### Work instructions
Nothing but the lines from the one with "Cara Mudah Ubah" through the last line of the entries below should appear in the copy, please, and no pictures.

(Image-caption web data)
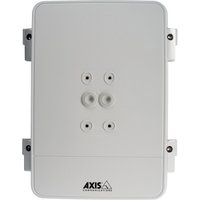 Axis 5800-531 rack-toebehoren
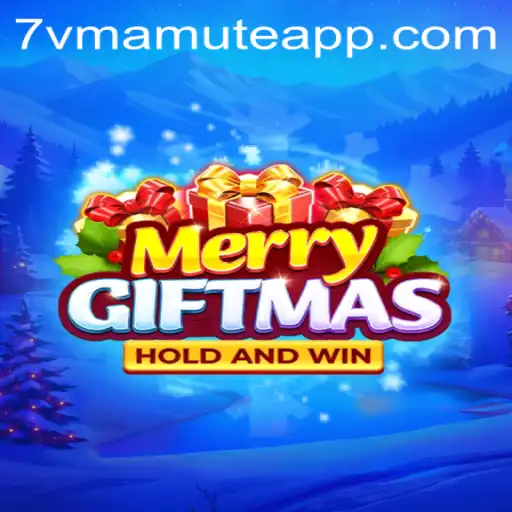 Descubra o Fascinante Mundo de MerryGiftmas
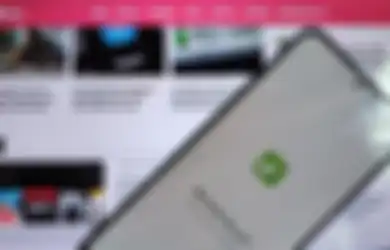 Cara Mudah Ubah HP Android Jadi Mouse, Bisa untuk Laptop dan Komputer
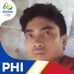 Profile Picture of Greg Pontica Delos Santos (@gregpontica.delossantos) on Facebook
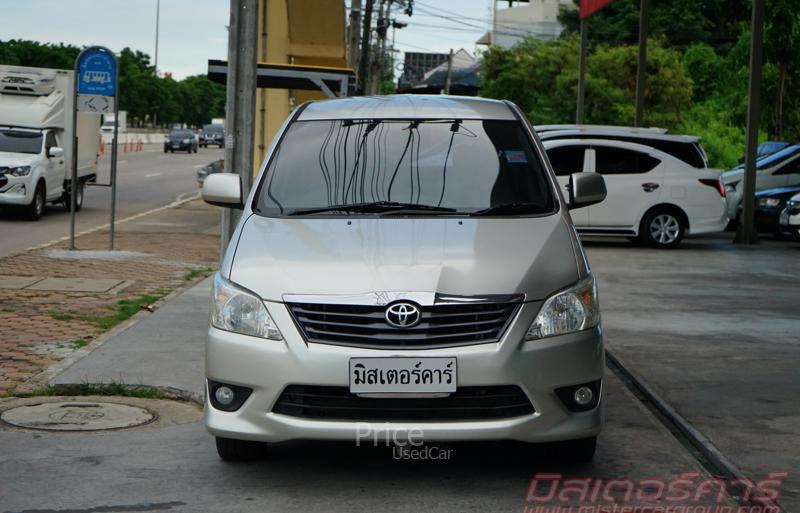 ขายรถตู้มือสอง-toyota-โตโยต้า-innova-รถปี2012-รหัส89009-68f2c80a.jpg ขายรถตู้มือสอง-toyota-โตโยต้า-innova-รถปี2012-รหัส89009-68f2c80a.jpg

### Answer space
 Cara Mudah Ubah HP Android Jadi Mouse, Bisa untuk Laptop dan Komputer
 Profile Picture of Greg Pontica Delos Santos (@gregpontica.delossantos) on Facebook
 ขายรถตู้มือสอง-toyota-โตโยต้า-innova-รถปี2012-รหัส89009-68f2c80a.jpg ขายรถตู้มือสอง-toyota-โตโยต้า-innova-รถปี2012-รหัส89009-68f2c80a.jpg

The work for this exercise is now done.